* **TASK INSTRUCTIONS**: An unchanged copy of all the lines below is expected, and it should contain no pictures.

* **MATERIAL PROVIDED**:
* * * * *

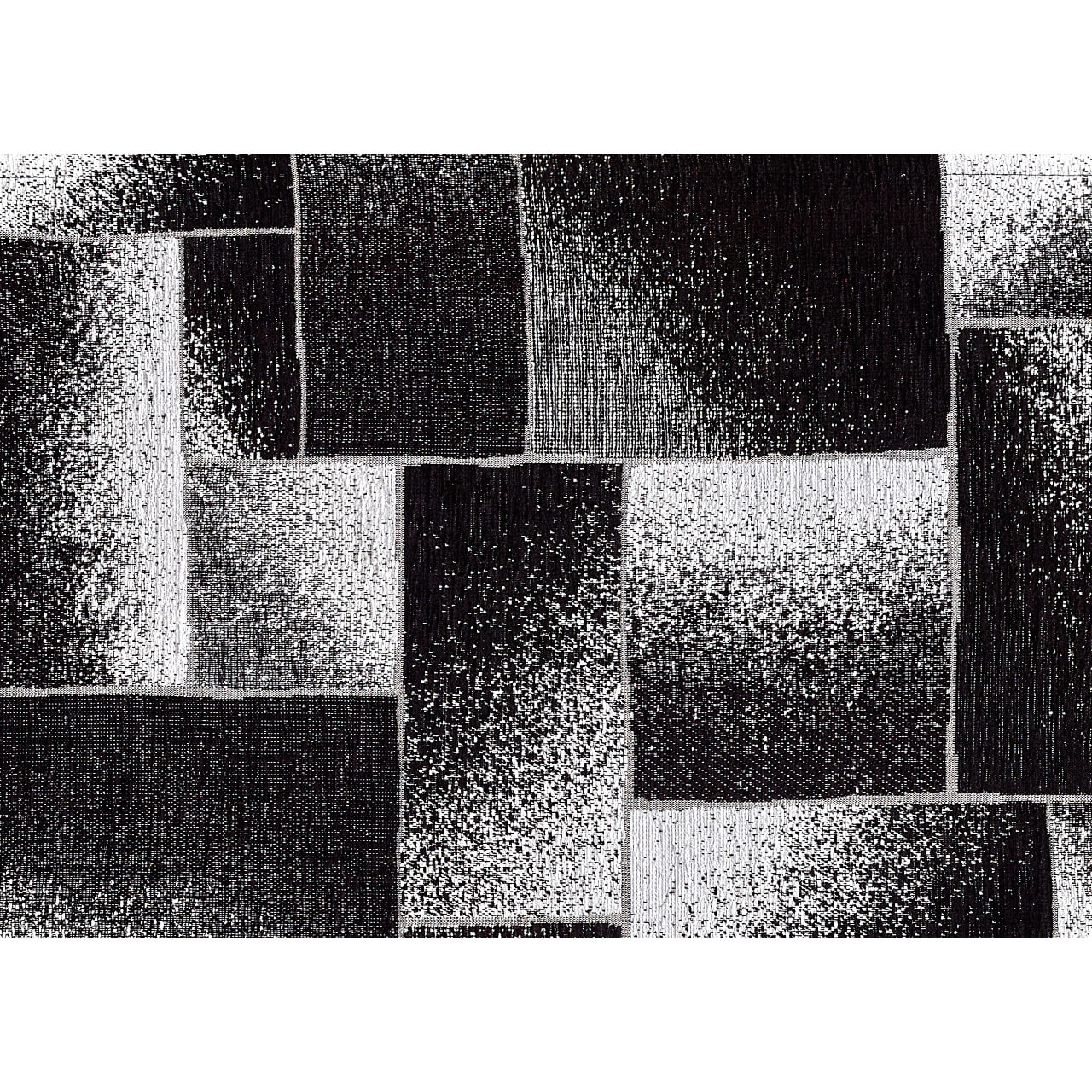 Tappeto Jacquard Ideale Salotto Camera Ingresso Made In Italy Antiscivolo, Lavabile, Morbido Disegno Tetrix Nero By Suardi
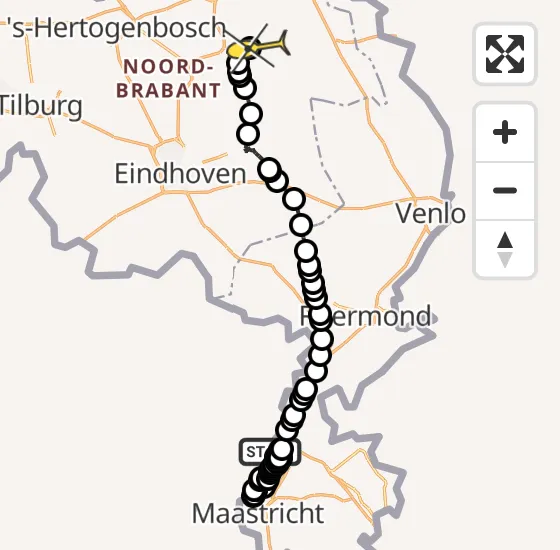 Vlucht Politiehelikopter PH-PXD van Elsloo naar Vliegbasis Volkel op zaterdag 19 oktober 2024 14:33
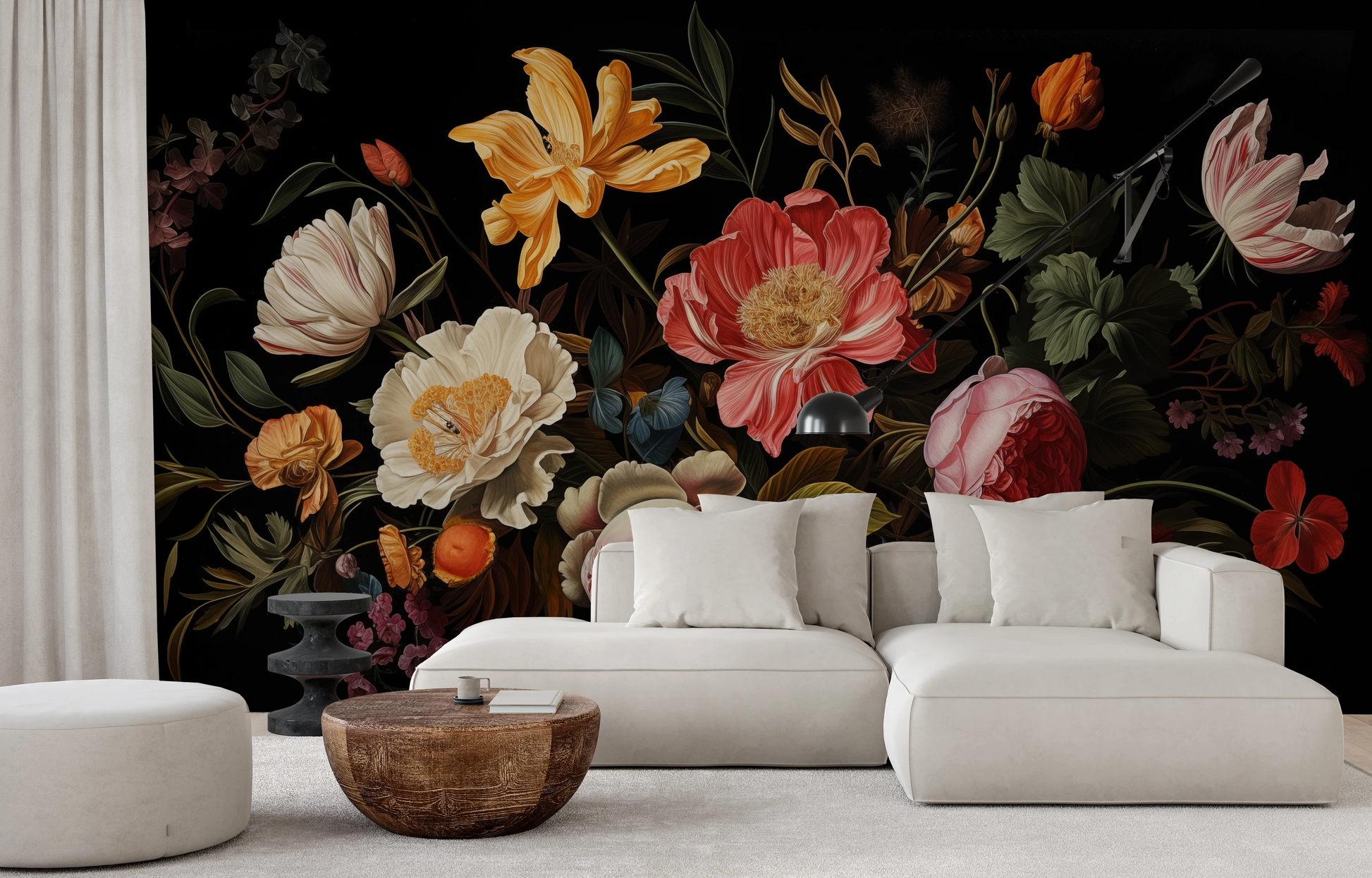 Wzór fototapety artystycznej o nazwie Baroque Floral Richness pokazanej w aranżacji wnętrza.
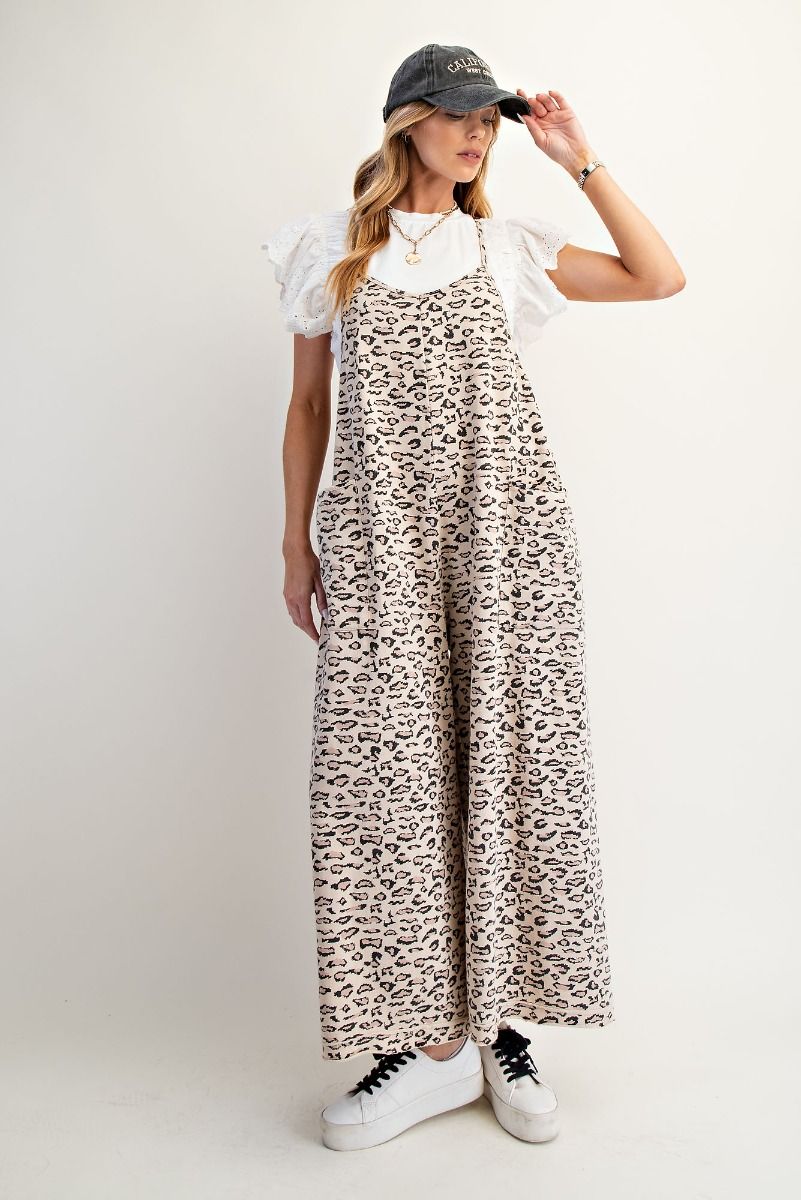 ANIMAL PRINTED WASHED TERRY JUMPSUIT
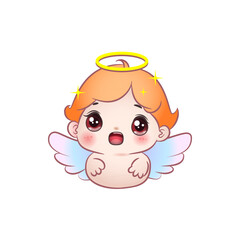 Cute vector illustration of an angry angel baby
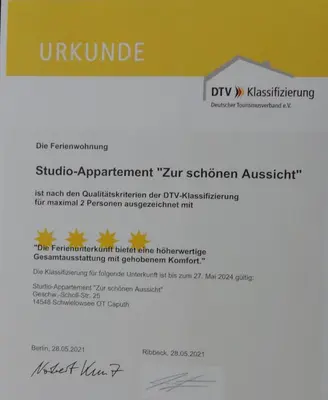 Ein Zertifikat, Auszeichnung, Logo oder anderes Dokument, das in der Unterkunft Zur Schönen Aussicht ausgestellt ist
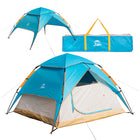 TP Automatik-Campingzelt für 3-4 Personen Pop-Up, doppelwandig, wasserdicht mit Tragetasche Türkis/Beige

* * * * *

* **EXPECTED ANSWER**:
 Tappeto Jacquard Ideale Salotto Camera Ingresso Made In Italy Antiscivolo, Lavabile, Morbido Disegno Tetrix Nero By Suardi
 Vlucht Politiehelikopter PH-PXD van Elsloo naar Vliegbasis Volkel op zaterdag 19 oktober 2024 14:33
 Wzór fototapety artystycznej o nazwie Baroque Floral Richness pokazanej w aranżacji wnętrza.
 ANIMAL PRINTED WASHED TERRY JUMPSUIT
 Cute vector illustration of an angry angel baby
 Ein Zertifikat, Auszeichnung, Logo oder anderes Dokument, das in der Unterkunft Zur Schönen Aussicht ausgestellt ist
 TP Automatik-Campingzelt für 3-4 Personen Pop-Up, doppelwandig, wasserdicht mit Tragetasche Türkis/Beige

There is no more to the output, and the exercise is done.